= Your task =
Your job is to give again, exactly and with no additions, the lines in the records below from the one with "Letto matrimoniale imbottito" through the one with "Gay Latin Bareback Masturbation on a Boat", both included. Omit the pictures.

= Dataset excerpts =

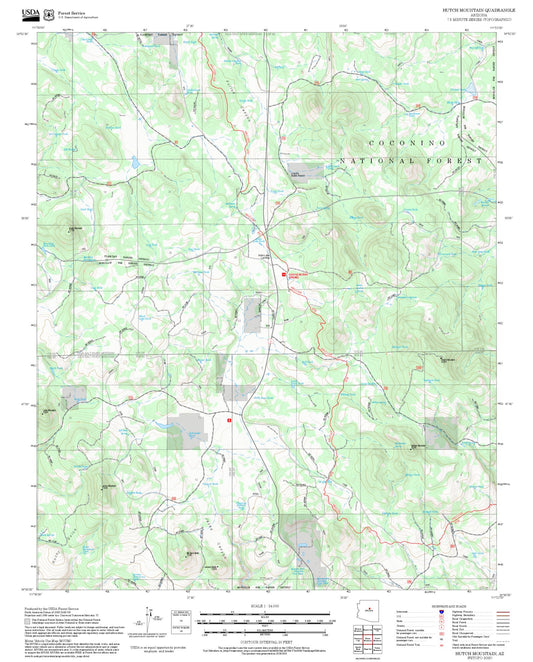 2025 Forest Service Topo Map of Hutch Mountain Arizona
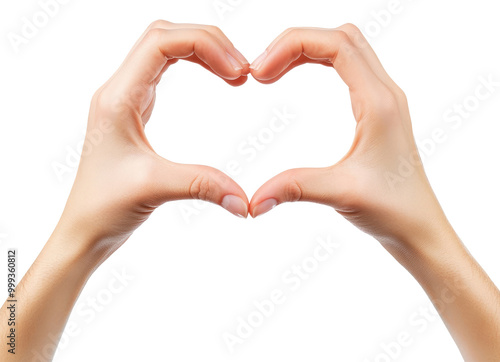 Woman hands showing heart gesture isolated on transparent background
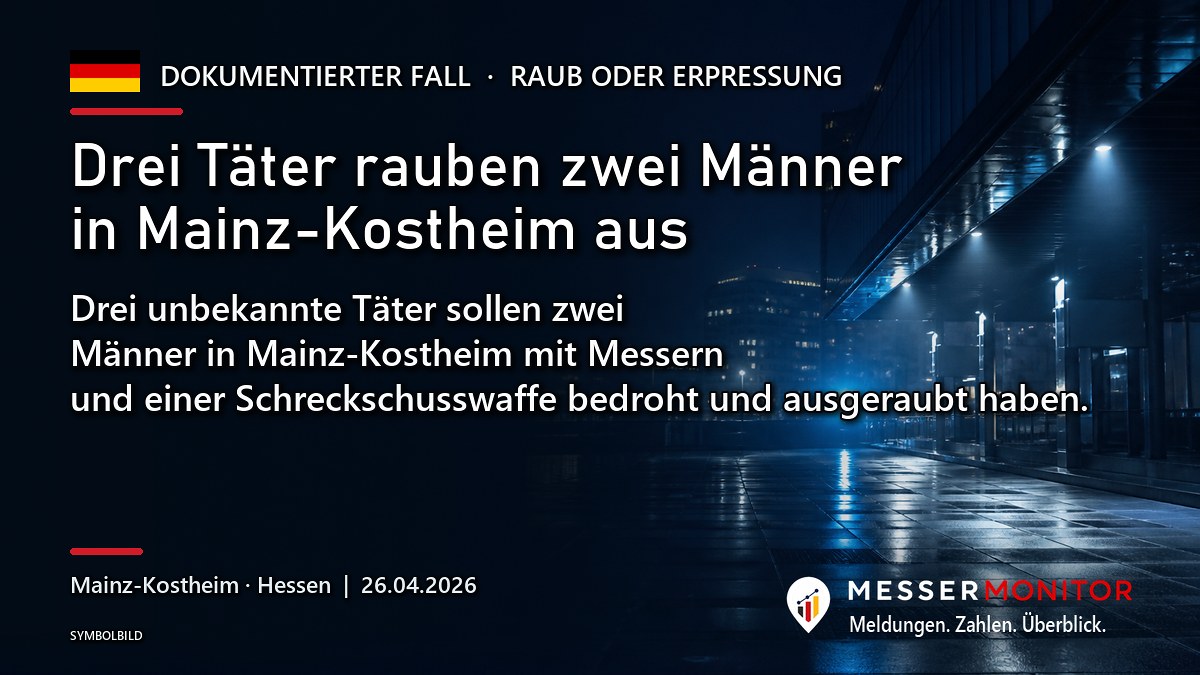 Titelgrafik: Drei Täter rauben zwei Männer in Mainz-Kostheim aus. Drei unbekannte Täter sollen zwei Männer in Mainz-Kostheim mit Messern und einer Schreckschusswaffe bedroht und ausgeraubt haben..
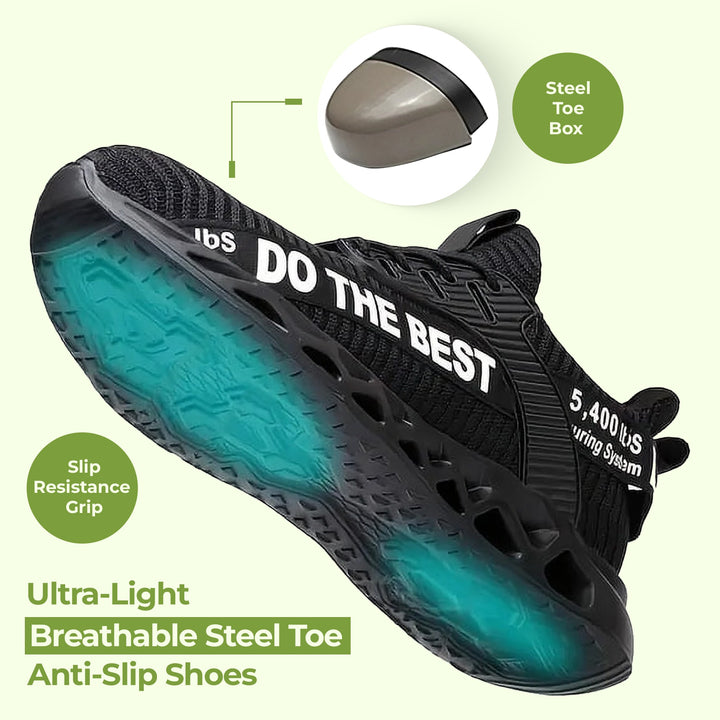 Unisex design ultra-light steel toe safety shoes, offering superior protective footwear.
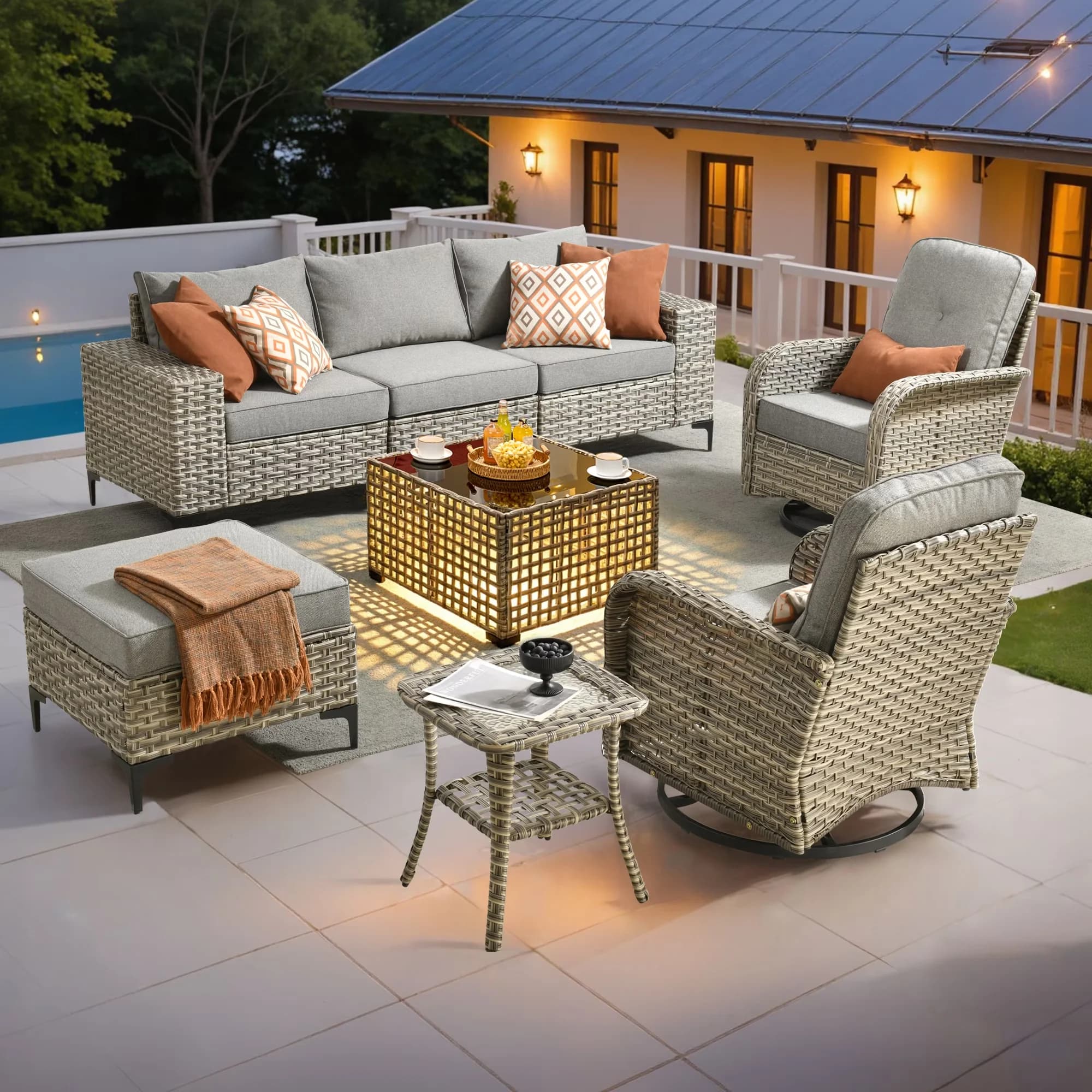 Patio Conversation Set Modern with Weatherproof, Swivel Chairs - Gray Wicker Model 7BF119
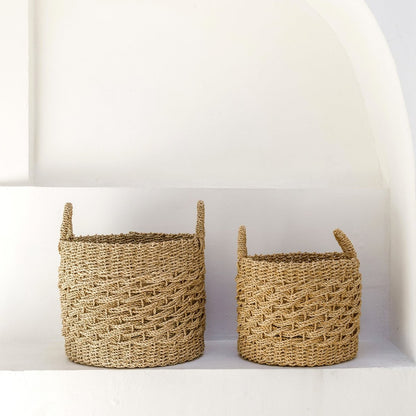 Woven seagrass storage basket 38 cm - beige, M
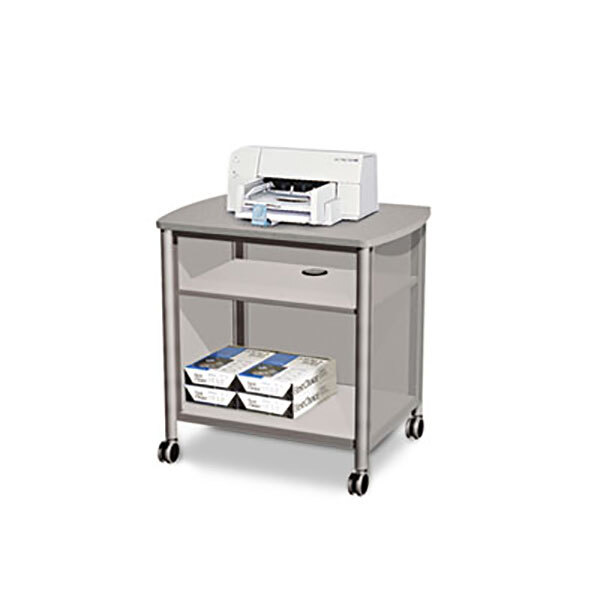 A gray Safco machine stand with a printer on it.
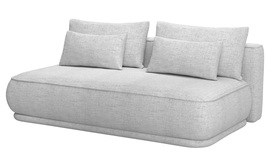 Schlafsofa für drei Personen Leanno mit Stauraum, graues hydrophobes Chenille.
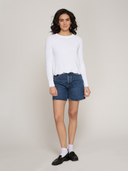 N11042 | Women’s Distressed Scallop Shaker in Bleach White by Autumn Cashmere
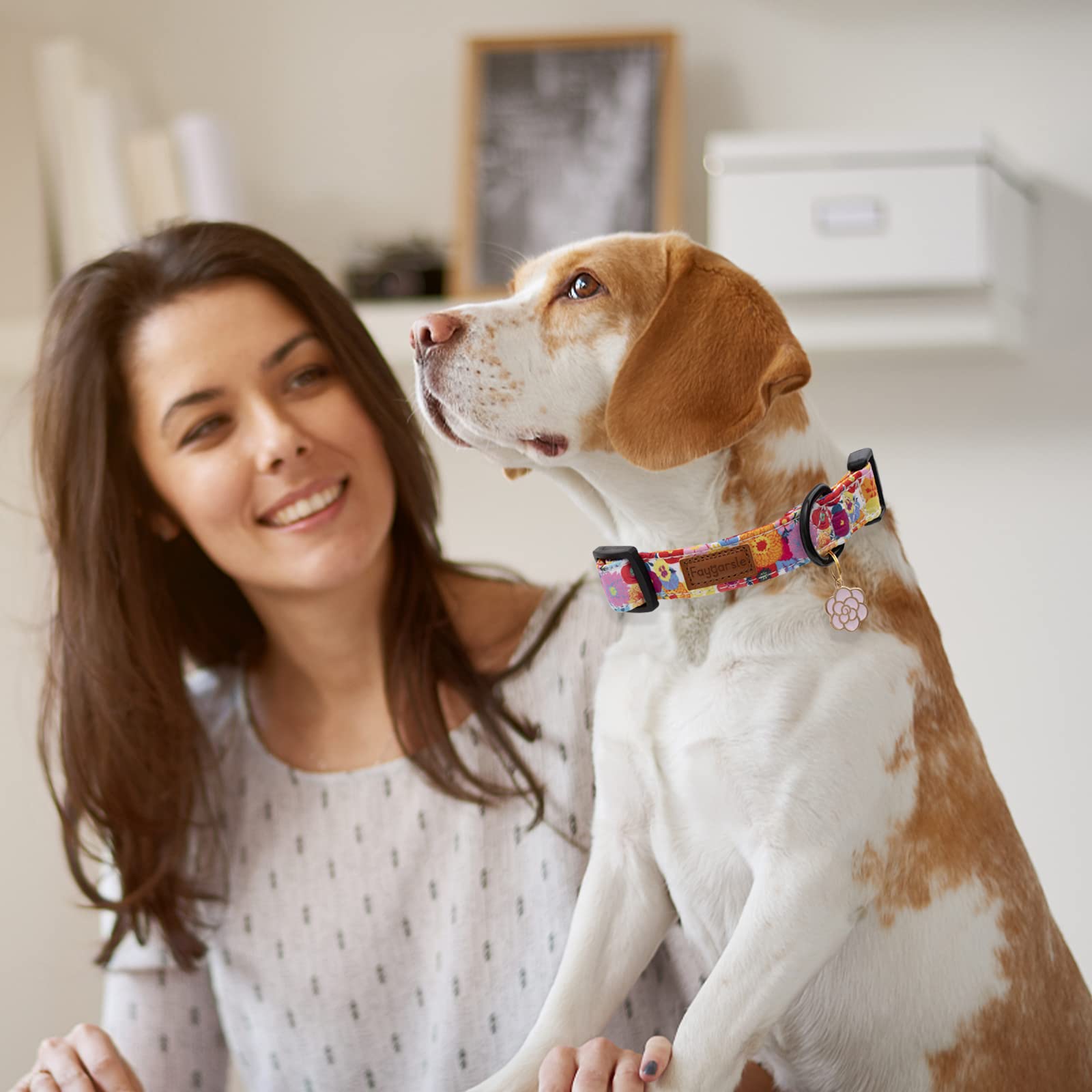 Faygarsle Floral Dog Collar For Girls And Female Dogs Soft And Fancy Pet Collar With Flower Design Ideal Pink Dog Collar For Sma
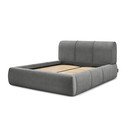 Letto matrimoniale imbottito grigio con contenitore con griglia 160x200 cm Vernon - Bobochic Paris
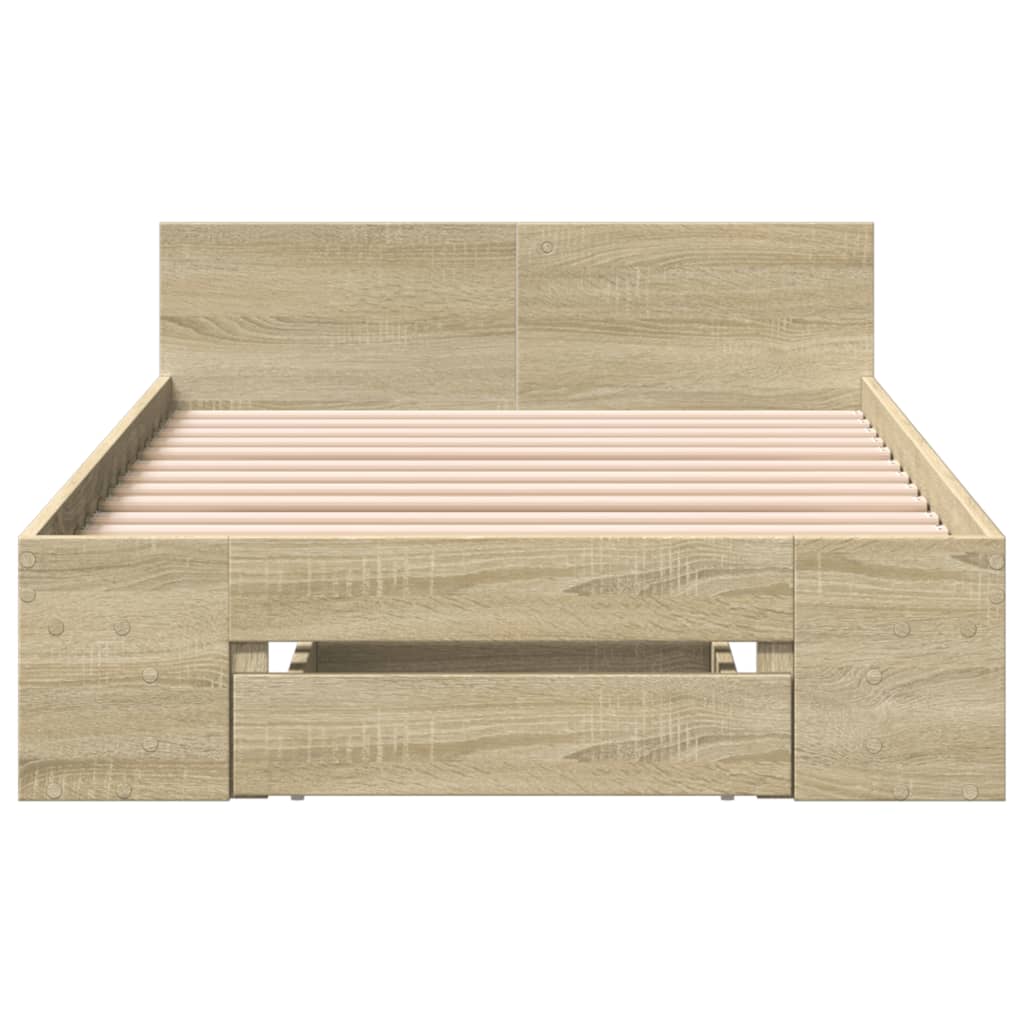 Bed frame with drawer Sonoma oak 90x200 cm wood material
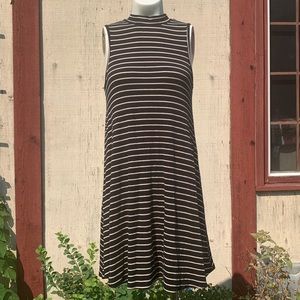 High Neck Black and Tan Striped Dress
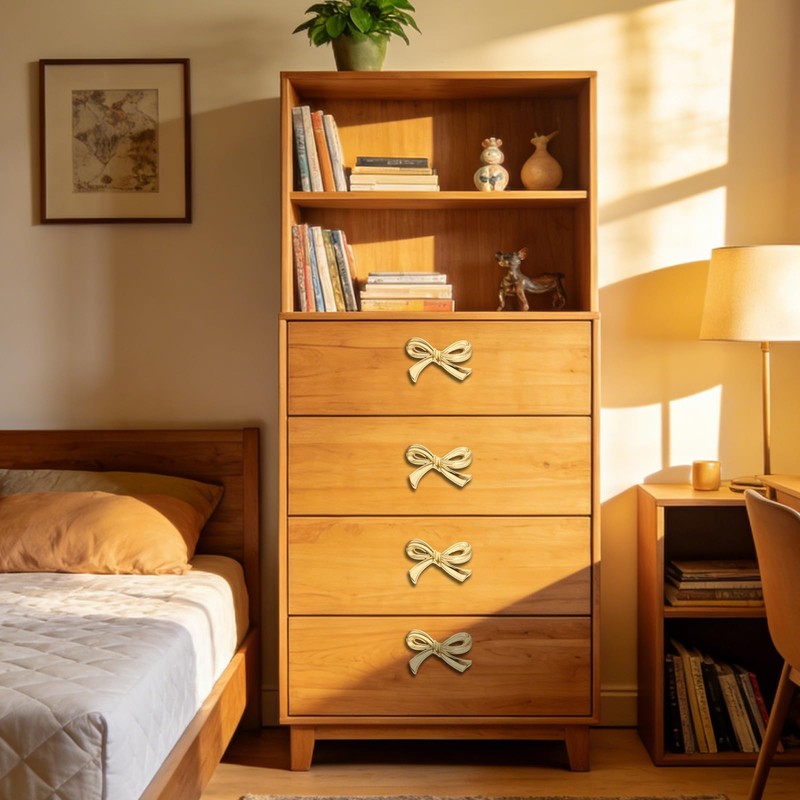Orizizhic 6 Pcs Gold Bow Drawer Knobs Set，Bow Shape Cabinets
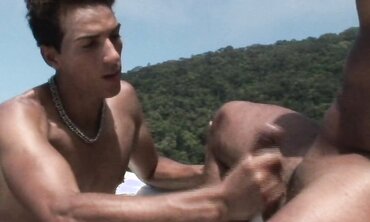 Gay Latin Bareback Masturbation on a Boat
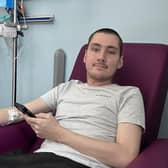 Ryan Renton pictured during his treatment trial at the Freeman Hospital in Newcastle.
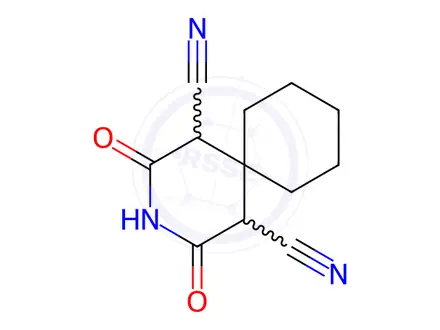 Chemical structure of 2,4-dioxo-3-azaspiro[5.5]undecane-1,5-dicarbonitrile
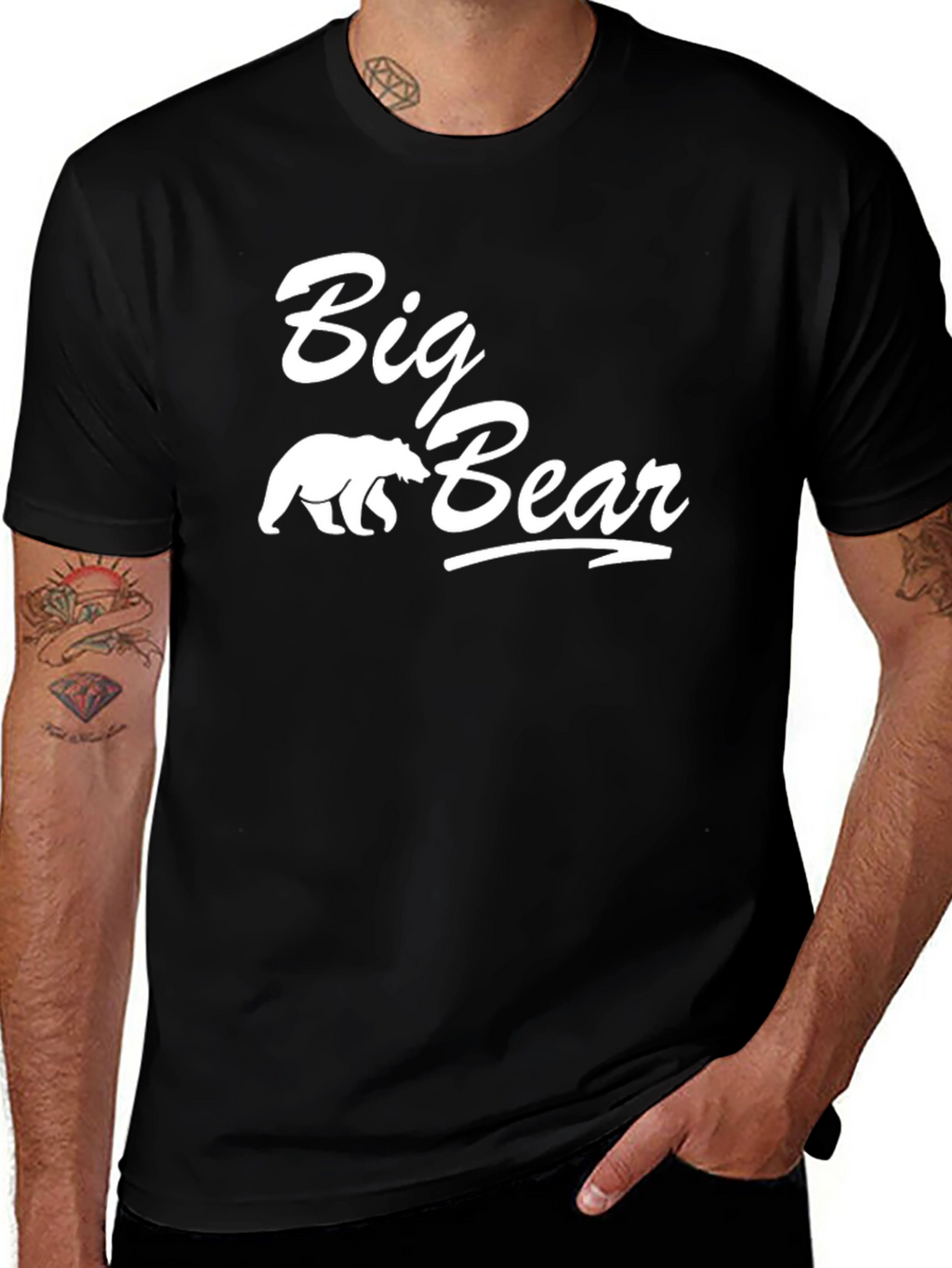 Big Bear Graphic T-Shirt - Black Cotton Blend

= Reply to the exercise =
 Letto matrimoniale imbottito grigio con contenitore con griglia 160x200 cm Vernon - Bobochic Paris
 Bed frame with drawer Sonoma oak 90x200 cm wood material
 High Neck Black and Tan Striped Dress
Orizizhic 6 Pcs Gold Bow Drawer Knobs Set，Bow Shape Cabinets
 Gay Latin Bareback Masturbation on a Boat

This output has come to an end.